::: Supplied information :::

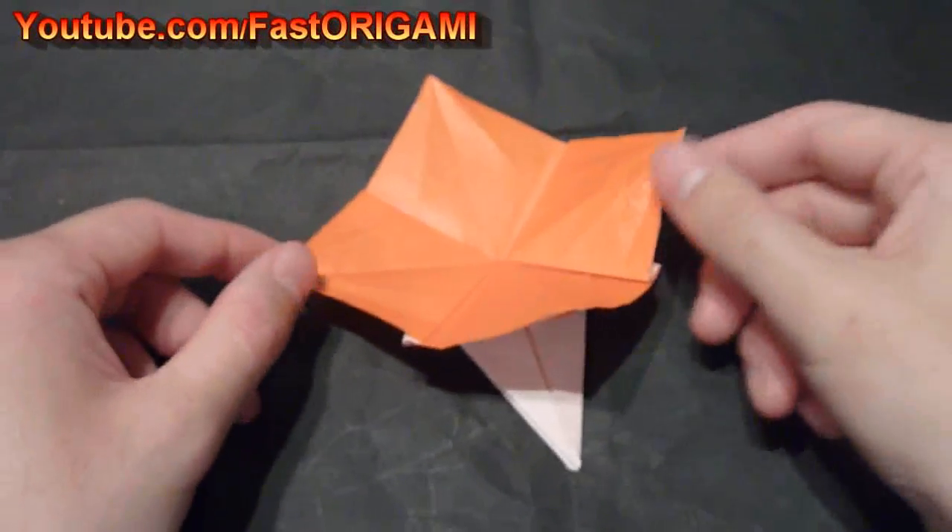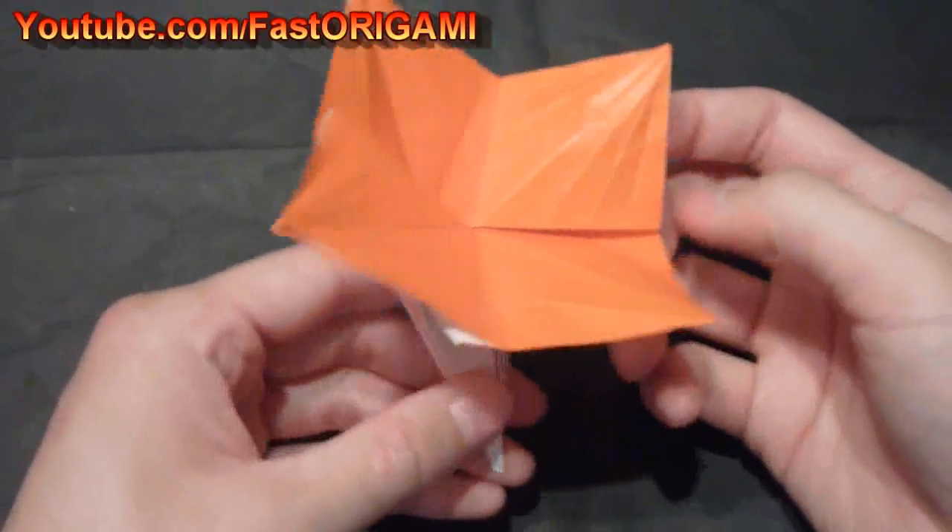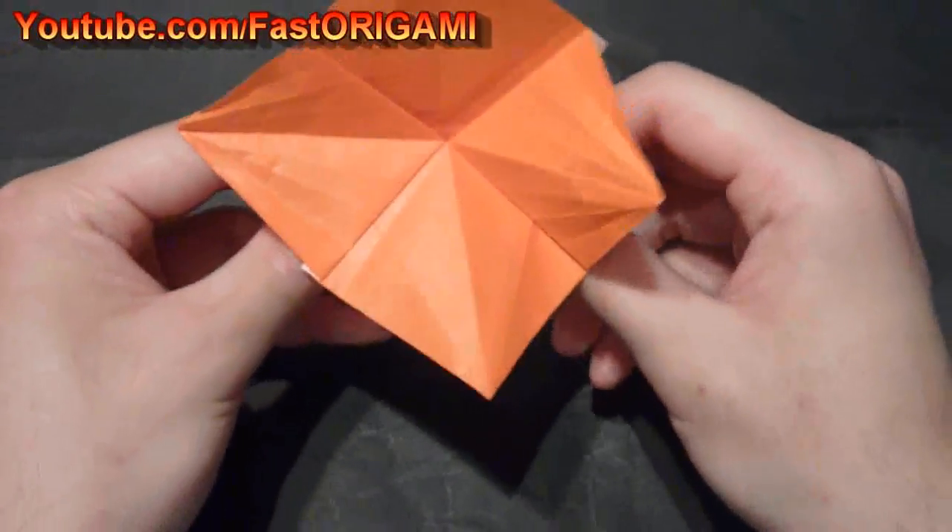You can make the flower leaf that I showed you from episode seven to combine it with this flower to make it more realistic.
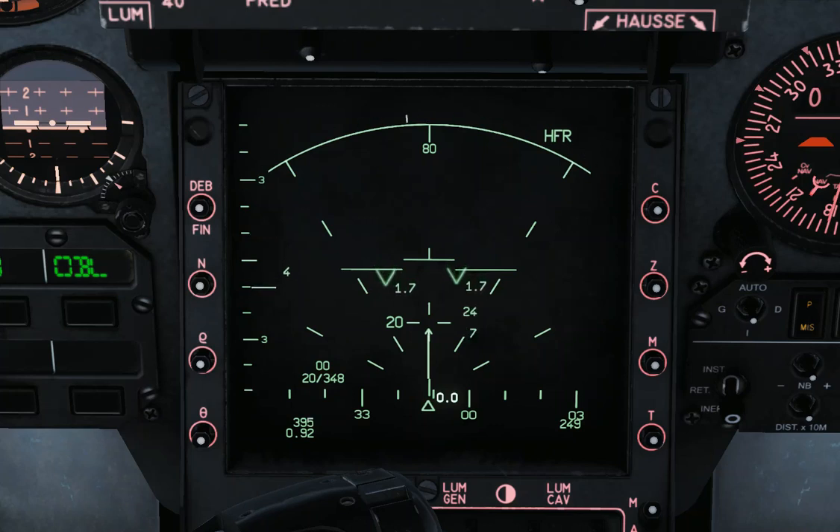The same contact is detected by one or two scan bars, and we are using that information to display different symbols. You can see those small lines on the V display.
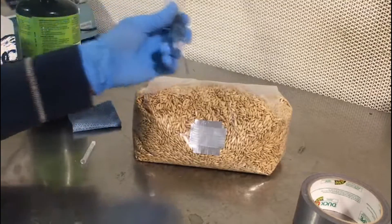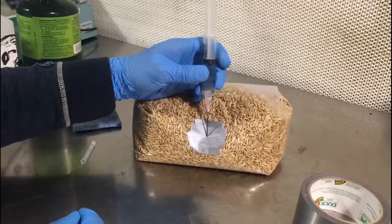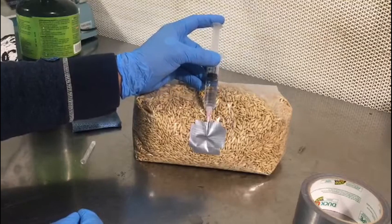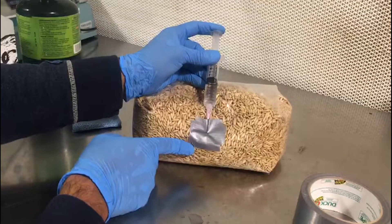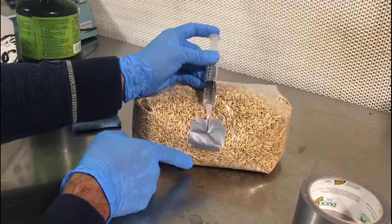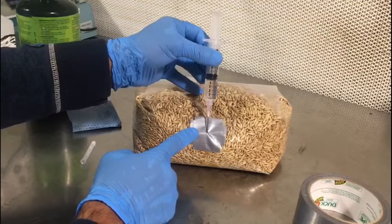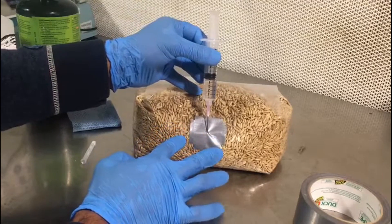Once your needle has cooled, we will inject the bag through the tape layers we just created. Also a tip: whenever you are injecting fluid into a grain bag, try to inject the liquid nearest to the plastic so that you can visibly see the fluid drip into the grains. Immediately after removing the syringe and needle, we will apply a fourth layer of tape to ensure that this stays as sterile as possible.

:::

Aim of the task
Reproduce exactly the lines above from the one with "The same contact" through the last line of the data, keeping both ends and dropping the pictures.

Exercise answer
The same contact is detected by one or two scan bars, and we are using that information to display different symbols. You can see those small lines on the V display.
Once your needle has cooled, we will inject the bag through the tape layers we just created. Also a tip: whenever you are injecting fluid into a grain bag, try to inject the liquid nearest to the plastic so that you can visibly see the fluid drip into the grains. Immediately after removing the syringe and needle, we will apply a fourth layer of tape to ensure that this stays as sterile as possible.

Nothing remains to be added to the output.